I am pleased that all major lenders have welcomed this advice. HSBC UK, Barclays, Lloyds Banking Group and others have said that the expert advice, and our clear response, paves the way for EWS1 forms to no longer be required for buildings below 18 metres and will help further unlock the housing market. I hope and expect other lenders to follow suit swiftly. I am very grateful to these organisations for their constructive work with Government on this critical issue—I appreciate that it is a complex and some parties have further work to do, in which the Government will support them.

Through concerted, cross-market action I believe we can help open up the housing market, allowing thousands to buy, sell or re-mortgage their homes.

This work will be progressed alongside existing steps we are taking to ensure a proportionate response to risk. This includes:

Development of new more risk-proportionate guidelines for fire risk assessors, including PAS9980. The consolidated advice note, the product of the need for reliable safety information in the period following the Grenfell Tragedy will shortly be retired.

Launching a Government-backed professional indemnity insurance scheme for qualified professionals conducting external wall system assessments. This is aimed at supporting those qualified professionals to complete EWS1 forms, where genuinely needed, in a risk-proportionate manner and will help ensure that there is sufficient capacity in the market to allow EWS1 forms to be completed quickly, helping people to buy, sell and re-mortgage their homes. With the comfort Government backing provides, professionals must exercise their judgment in a proportionate manner and refrain from proposing works that are not strictly necessary to achieve an acceptable standard of fire safety—and risk management and mitigation should always be considered before costly remediation.

Working with the National Fire Chiefs Council to re-emphasise the scope of the simultaneous evacuation guidance, the temporary nature of waking watches and the alternative proportionate fire safety interventions to be considered before implementing a waking watch, particularly in buildings below 18 metres.

Latest indications are that the number of residential blocks between 11 metres and 18 metres in height are 61,000. Data from one major lender suggests that 7% of flats in buildings up to six storeys currently require an EWS1 assessment and in a majority of these cases EWS1s are found to already be held, leading to requests for an EWS1 form on approximately 5% of flats. Of these buildings, the vast majority do not need any remediation work at all.

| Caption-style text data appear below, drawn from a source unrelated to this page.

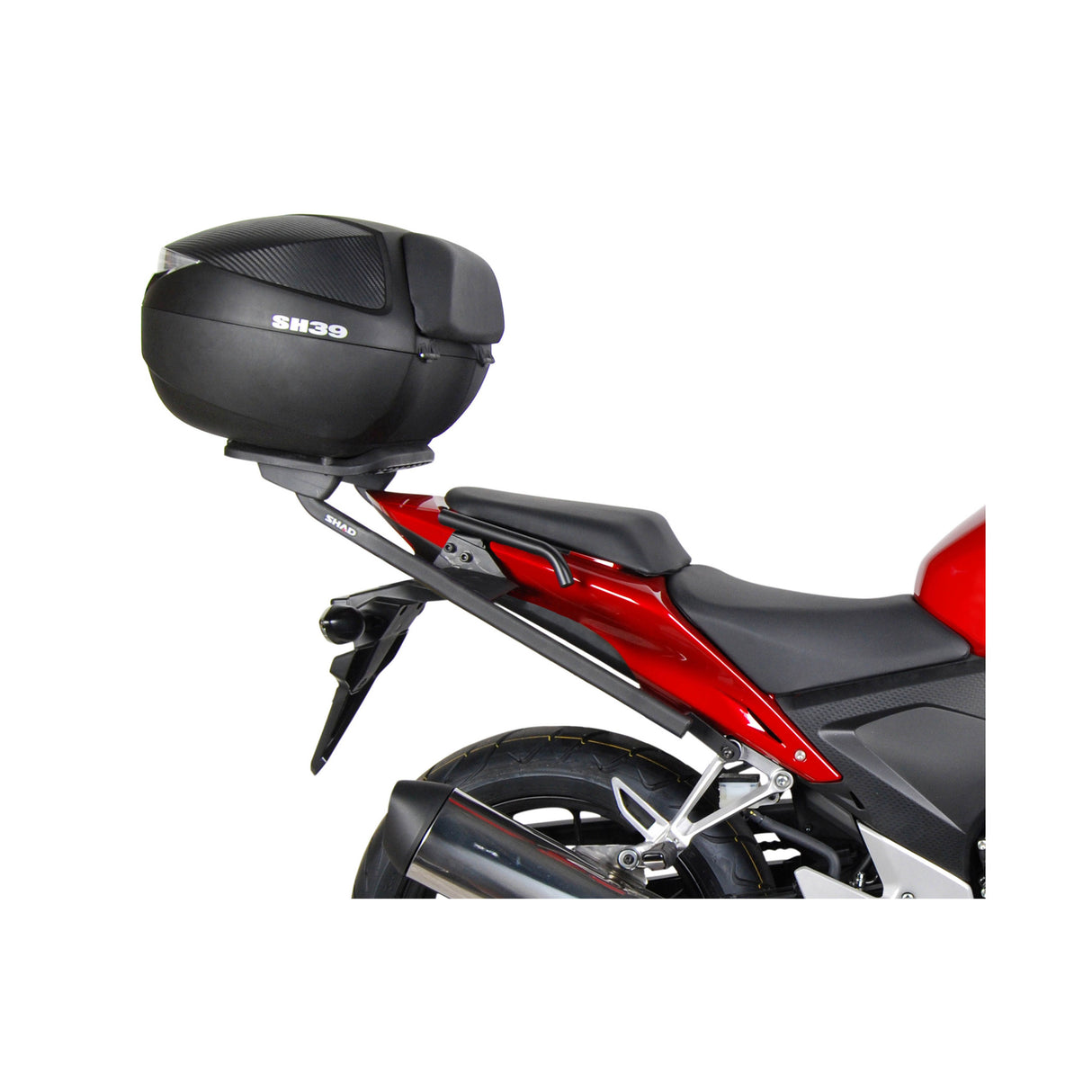 Baúl superior Shad para motocicleta o scooter SH39 Carbon D0B39106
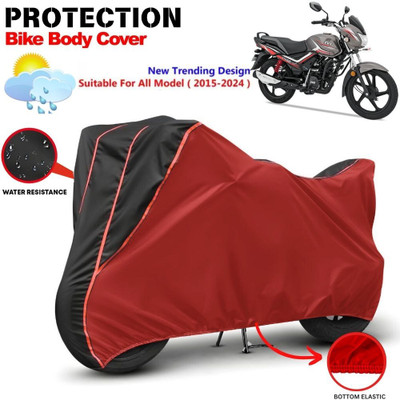 CABRY Waterproof Two Wheeler Cover for TVS(Star City Plus, Red, Black)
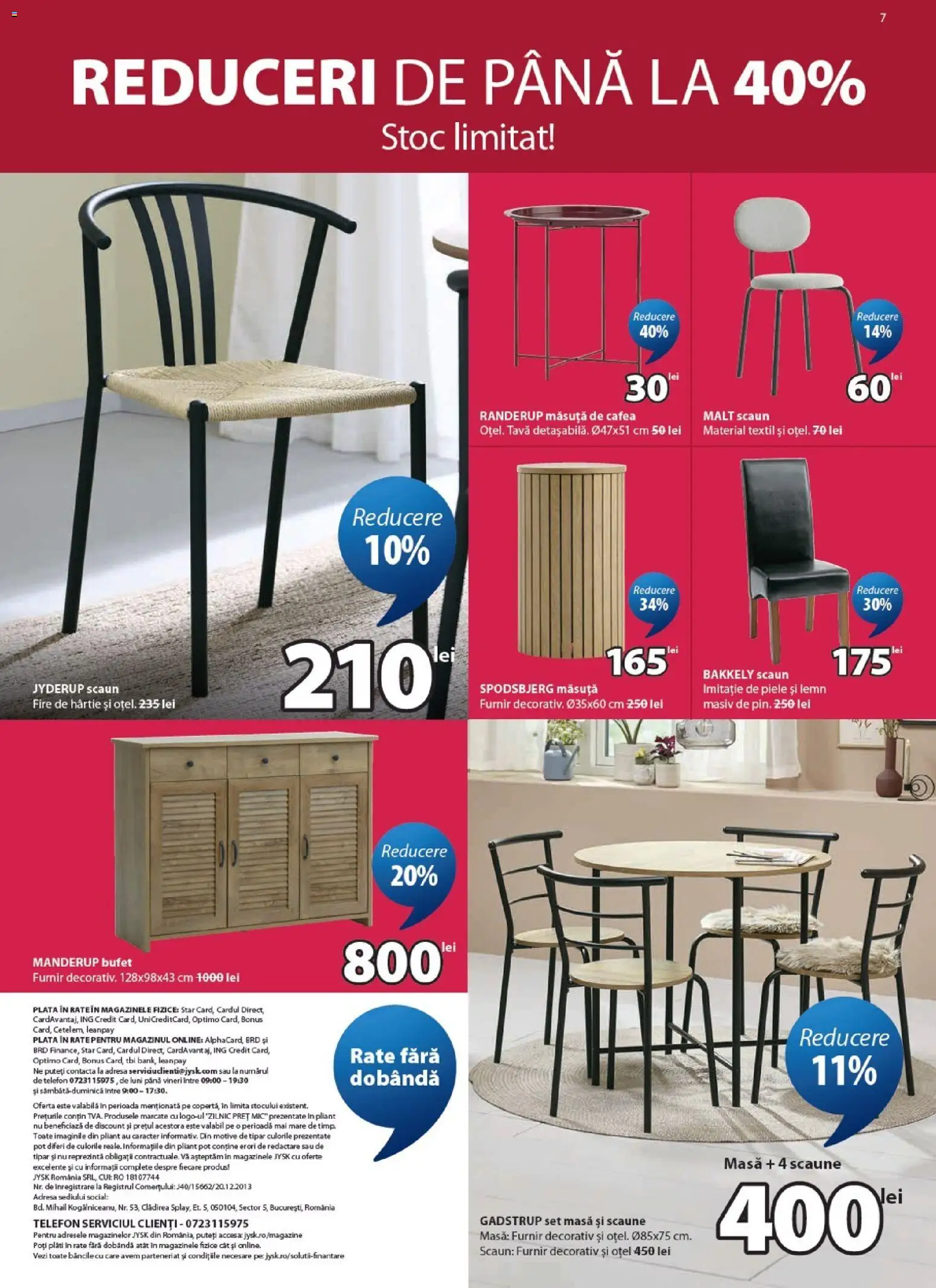 Noul catalog JYSK – valabil de la 02.07.2026 | Pagină: 7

This is reinforced by initial results of surveys of medium rise blocks of flats indicating that the vast majority are free from serious safety risks associated with combustible cladding requiring remediation, and from any associated costs. If the market reacts as we would hope to the expert advice these numbers should reduce yet further and hundreds of thousands of leaseholders will be able to get on with buying, selling or re-mortgaging their homes. To reiterate, the Government see no reason why an EWS1 form, or equivalent, should be requested on buildings below 18 metres. For the very small number where works are required, the presumption in favour of mitigation should also reduce remediation costs.

It is my expectation that these actions will significantly ease the challenges faced by the vast majority of leaseholders looking to buy or sell flats in high-rise buildings and ensure that leaseholders do not face huge bills for unnecessary remediation works. In the very small minority of cases where remediation works are identified in 11 metre-18 metre buildings as part of the normal statutory requirement for buildings to have an up to date fire risk assessment, I can reaffirm that leaseholders will be protected from unaffordable costs by a generous financing scheme through which their monthly cladding repayment costs will not exceed £50.